Leave the pictures aside. Retype exactly the lines from the top of the data below through the one holding "X ADIDAS Textured".

BEGIN RECORDS FOR THE TASK

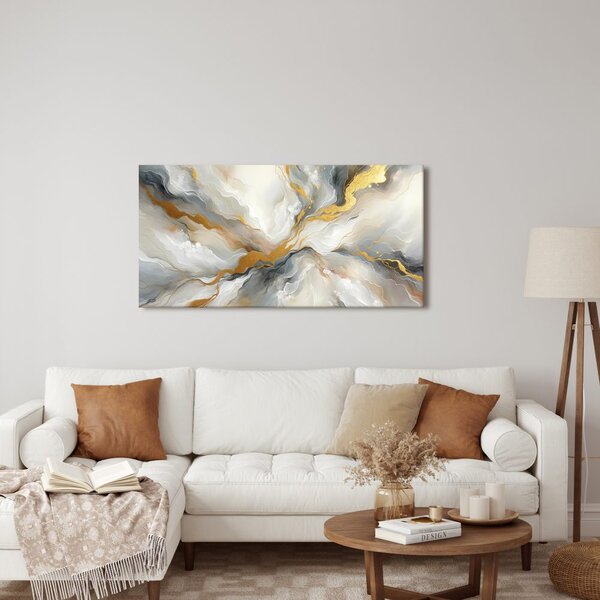 Quadro su tela – Energia dorata astratta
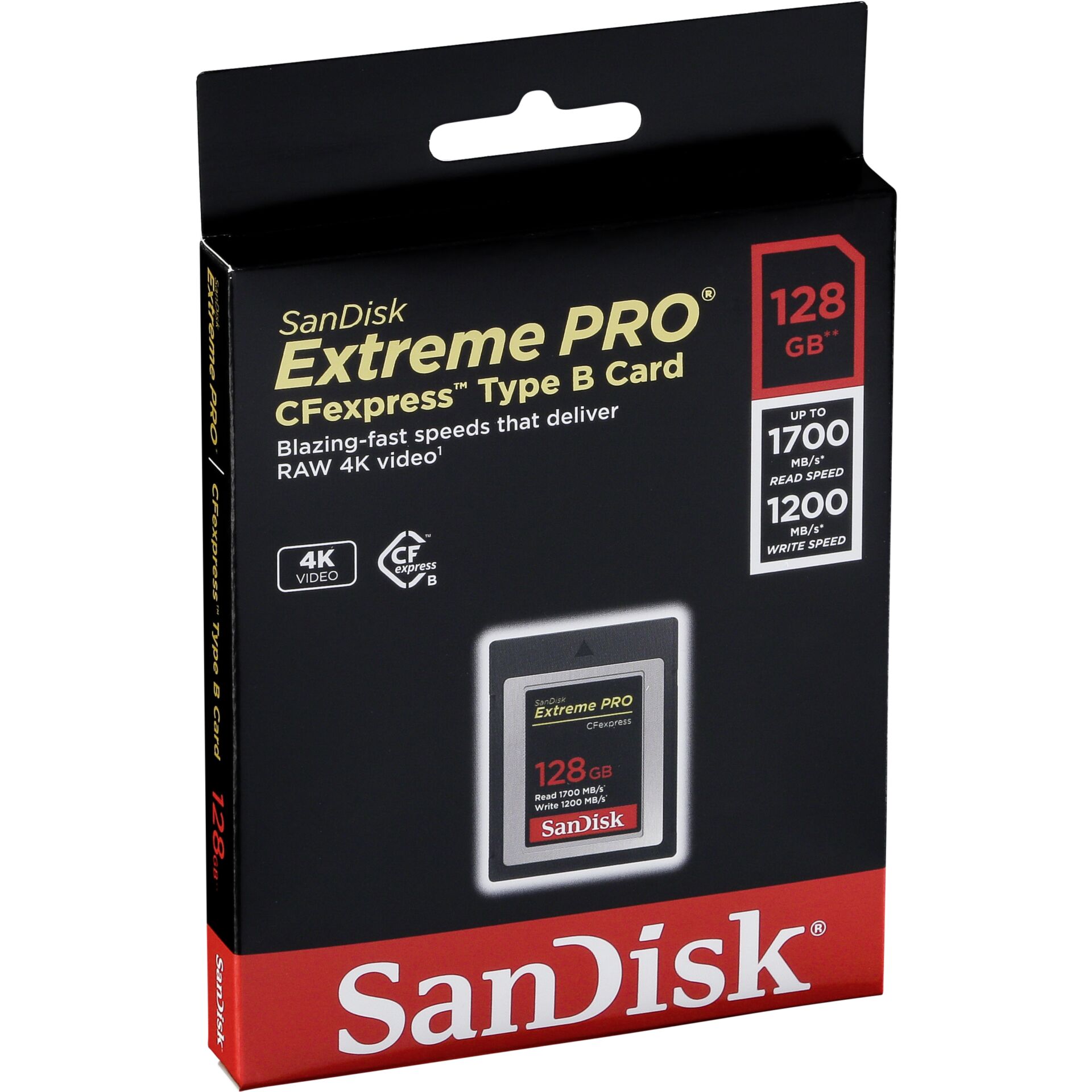 128 GB SanDisk Extreme PRO R1700/W1200 CFexpress Type B Speicherkarte, lesen: 1700MB/s, schreiben: 1200MB/s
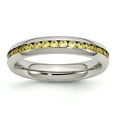 thumbnail image 1 of Stainless Steel 4mm November Yellow CZ Ring 8 Size, 1 of 6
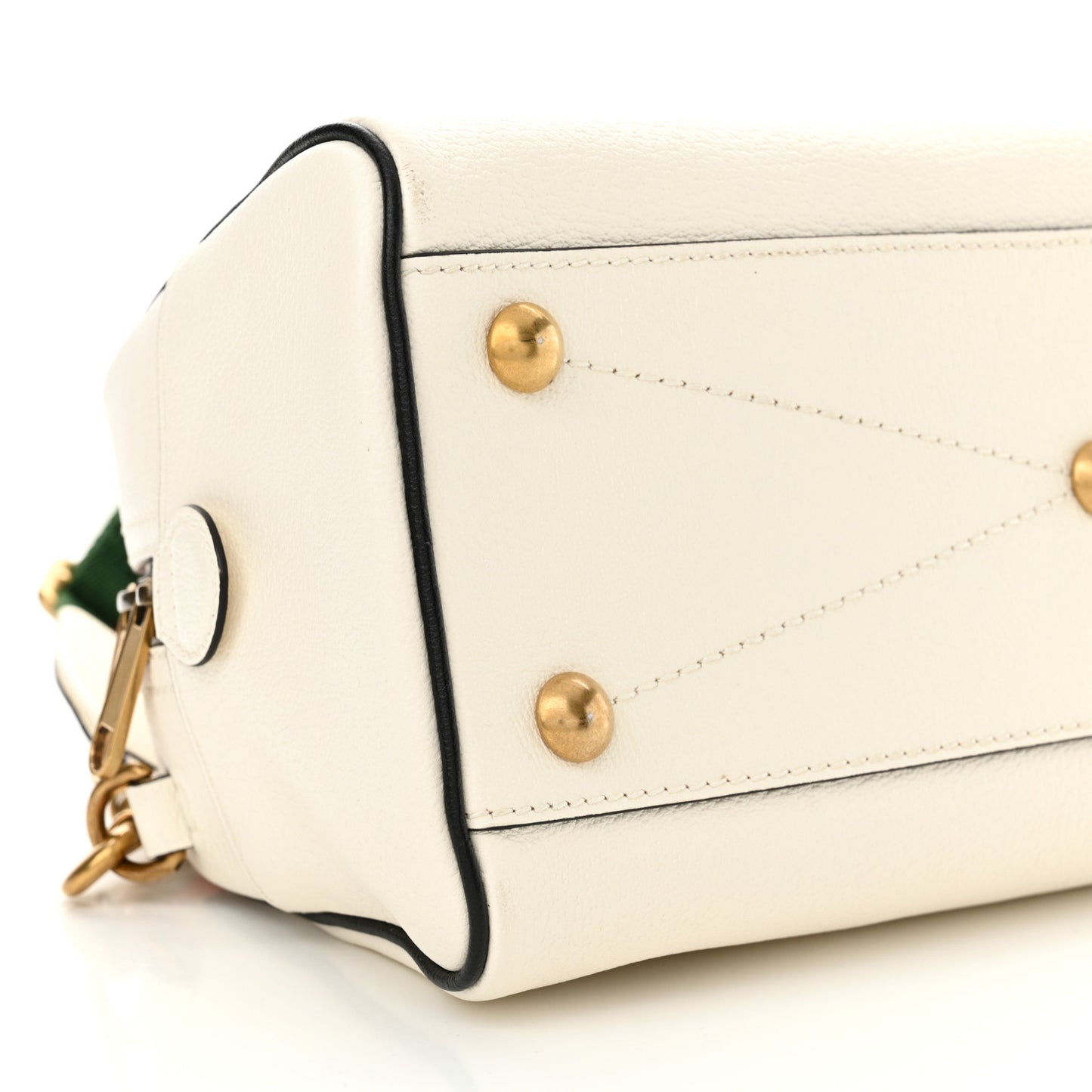 X ADIDAS Textured Dollar Calfskin Web Trefoil Logo Embossed Mini Bowling Bag Off White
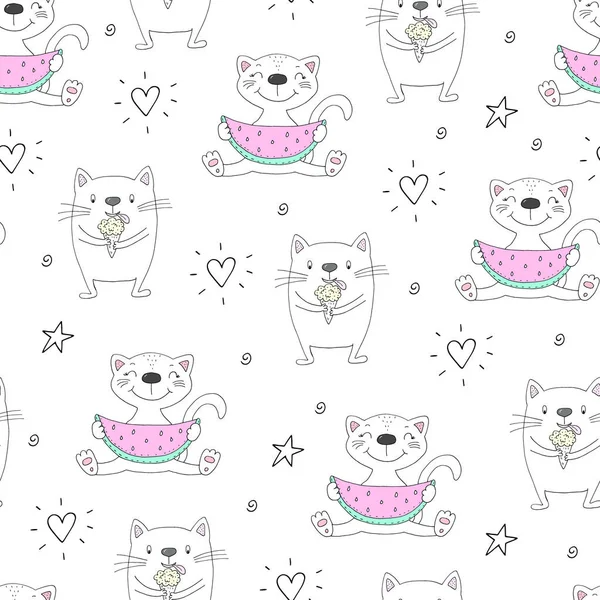 Chats mignons fond de motif sans couture coloré — Image vectorielle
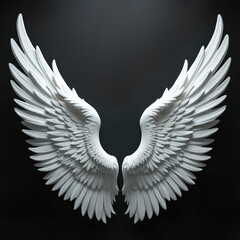 Obraz premium White angel wings on black background. The illustration features detailed feathers. Angel wings represent freedom purity faith and protection. Suitable for artistic projects and spiritual themes.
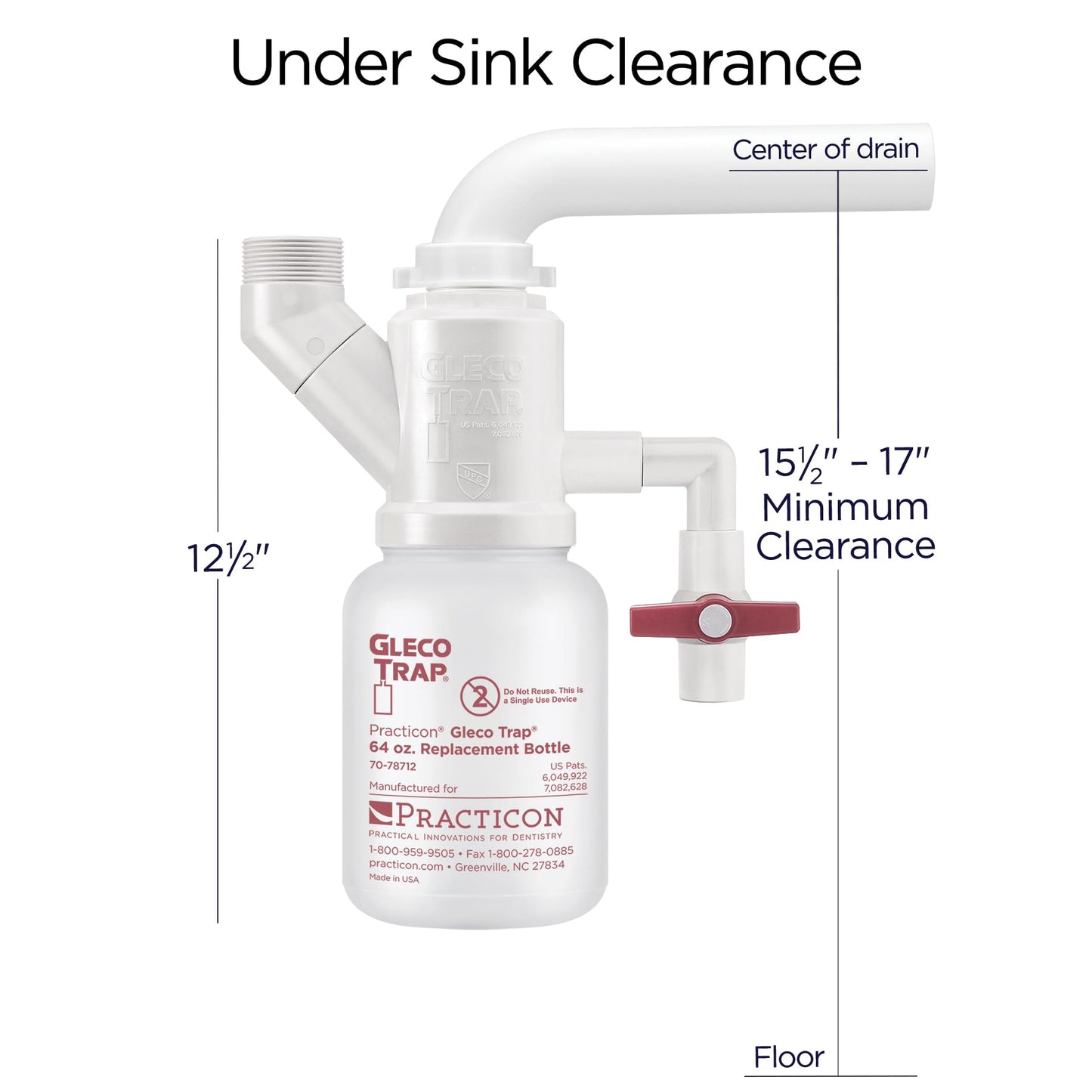 Practicon Gleco Trap System, Clay & Plaster Sink Trap Kit, 64 oz.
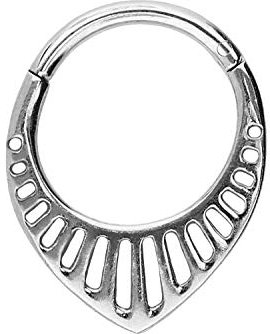 PIERCINGLINE Chirurgenstahl Segmentring Clicker Design Piercing Septum Tragus Helix silberfarben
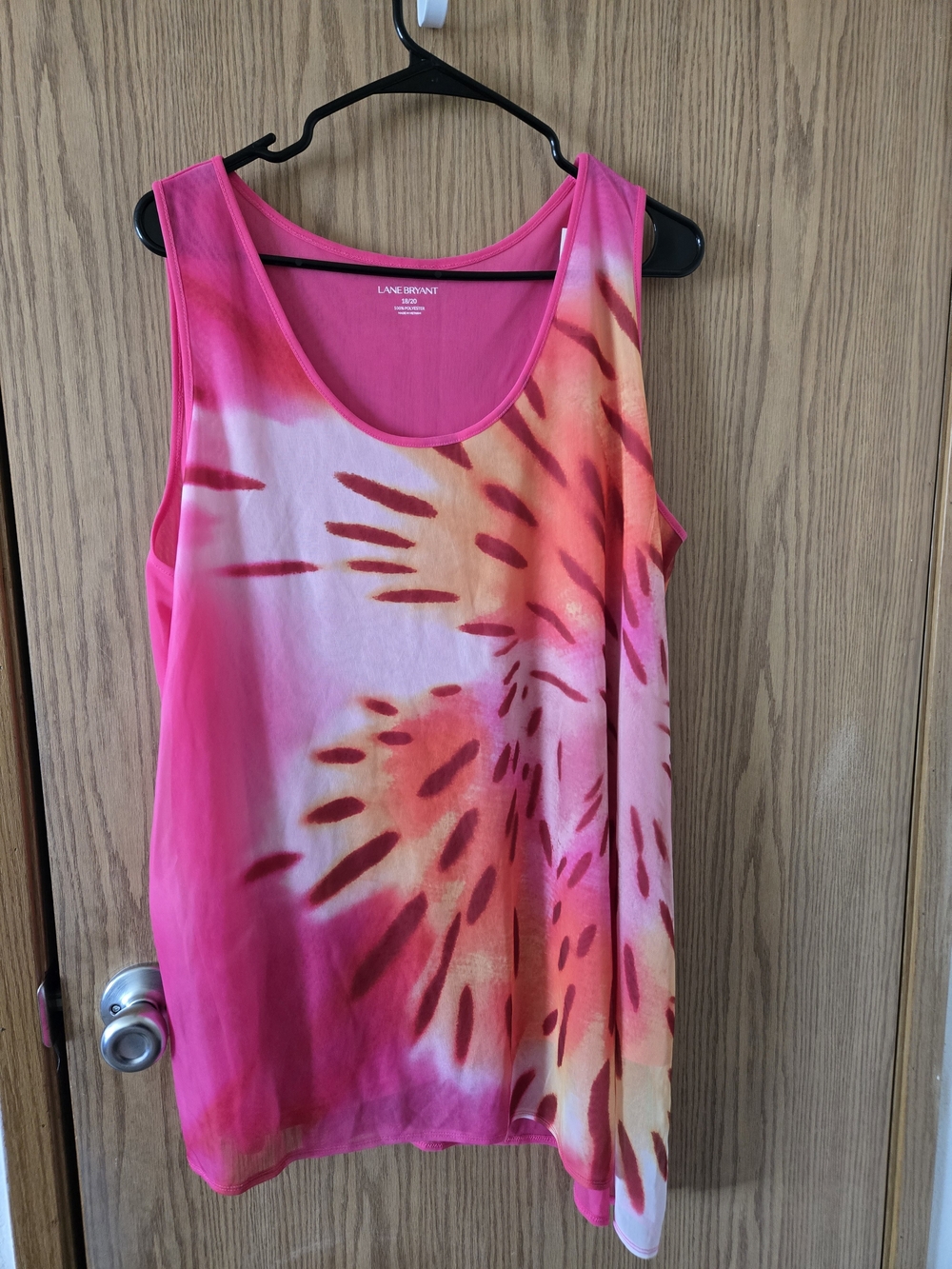Lane Bryant Pink and Coral Tie-Dye Tank Top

END RECORDS FOR THE TASK

* SOLUTION BELOW
 Quadro su tela – Energia dorata astratta
 128 GB SanDisk Extreme PRO R1700/W1200 CFexpress Type B Speicherkarte, lesen: 1700MB/s, schreiben: 1200MB/s
 thumbnail image 1 of Stainless Steel 4mm November Yellow CZ Ring 8 Size, 1 of 6
 X ADIDAS Textured Dollar Calfskin Web Trefoil Logo Embossed Mini Bowling Bag Off White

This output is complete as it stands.